Now Harris has more woes. A former employee has sued Harris and CMTS in federal court, alleging that the company discriminated against her because she is disabled and because she is white.

The employee, Anmarie Sonner, worked as director of marketing in CMTS's Denver office. Last spring she was laid off.

"Plaintiff was terminated...due to her disability," Sonner's suit alleges. Sonner's disability is not specified in the suit, but friends say she was battling cancer. Later, Sonner applied for an opening in CMTS's Detroit office but was turned down because of her race, the suit claims.

Sonner, 37, is seeking compensation for lost wages, the cost of her medical insurance and "emotional pain and suffering," according to the suit. She also is seeking punitive damages against the company.

Sonner's attorney, Bruce Kaye, declined to comment on the case. King Harris did not return a phone call; his attorney, Gary Jackson, declined comment.

But one former CMTS employee says proving Harris discriminated against Sonner is going to be difficult. "She'd have a real tough time with that," says the employee, who asks not to be identified.

The former employee points out that Sonner lost her job at a time when scores of other CMTS workers were also being let go as the company began winding down its work at DIA. King Harris also has retained a number of white employees in top management positions at the company.

"He's got all his numbers right," the former employee says. "His track record is going to make him look like a saint."

But another source familiar with the case says it wasn't Harris but one of his underlings who showed racial animus toward Sonner.
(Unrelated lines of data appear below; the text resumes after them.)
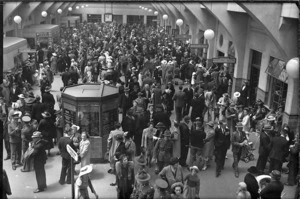 Crowded hall at Wellington Railway Station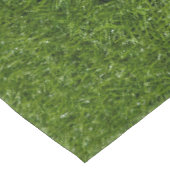 Golfbälle sind auf grünem Gras Tischdecke (Schrägansicht)
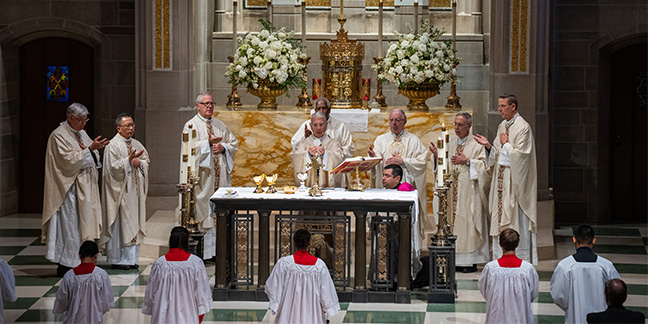 Bishops of the Atlanta Province gather for prayer, discussions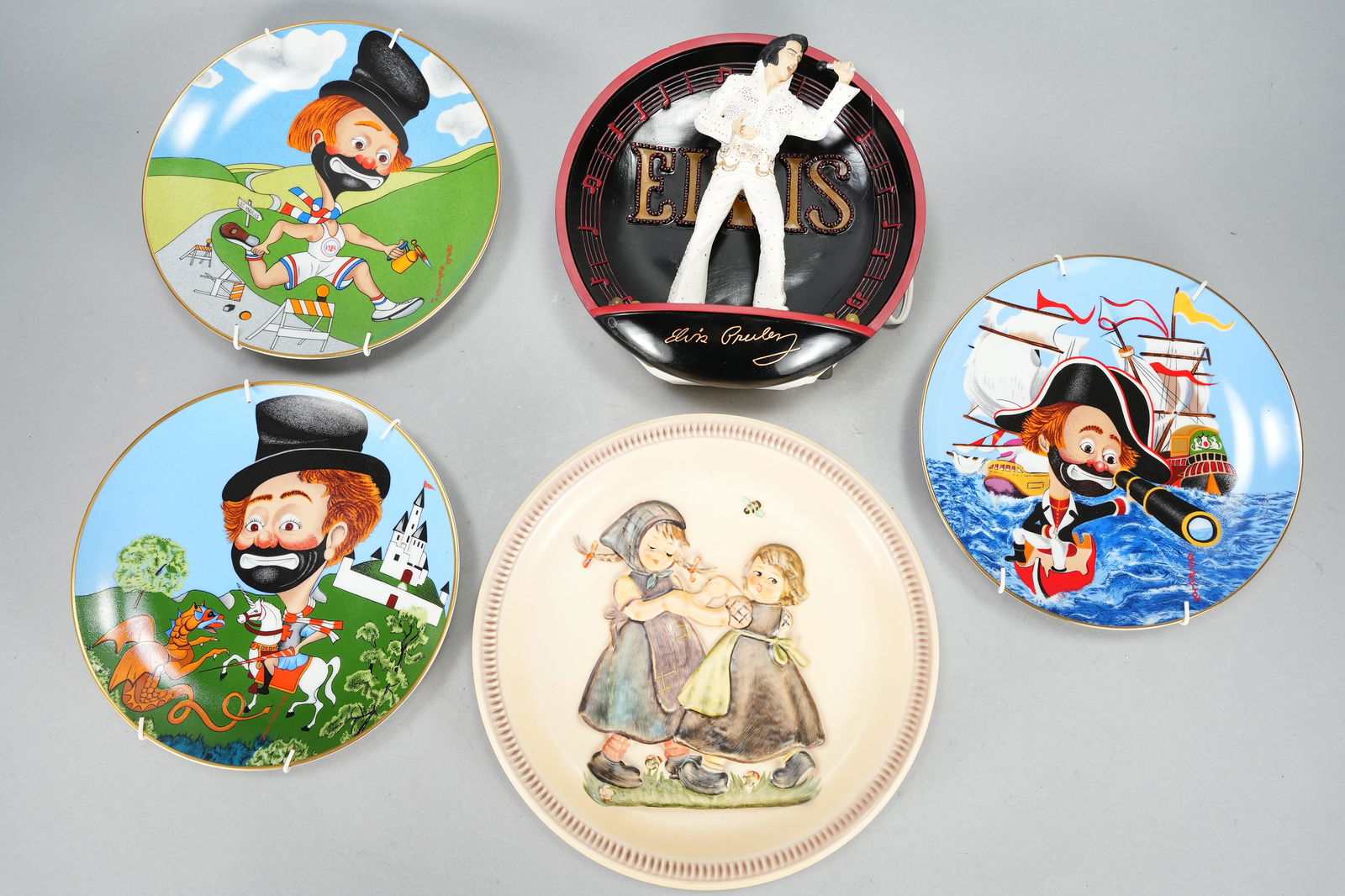 A lot of plates item (1 of 6)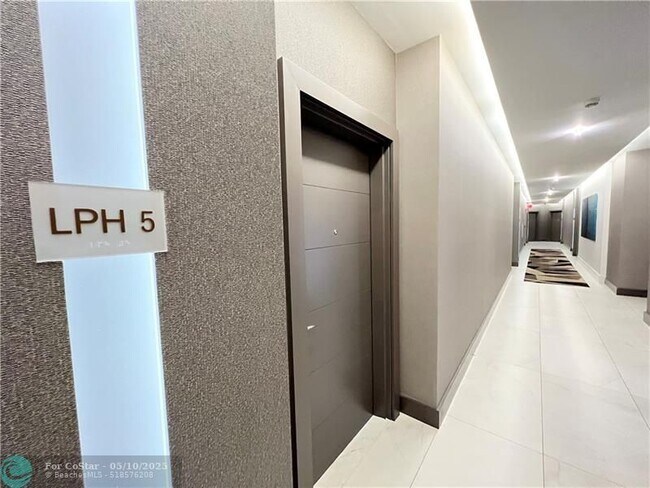 Building Photo - 17301 Biscayne Blvd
Mary L. Lewis, a CMTS vice president who ran the company's Detroit operations, allegedly refused to hire Sonner because she is white, the source says. (Lewis could not be reached for comment.)

"It's not King," says the source, who insists on anonymity. "This is one of his henchmen."

Lewis, who is named as a defendant in the suit, is no longer involved in CMTS's day-to-day operations in Detroit, the source says. The office is now being supervised from Denver by Tyrone Holt, a former DIA bond attorney whose airport contracts were canceled after he was temporarily suspended from practice for drug use and income-tax evasion. Holt joined CMTS as a vice president sometime last year, the source says.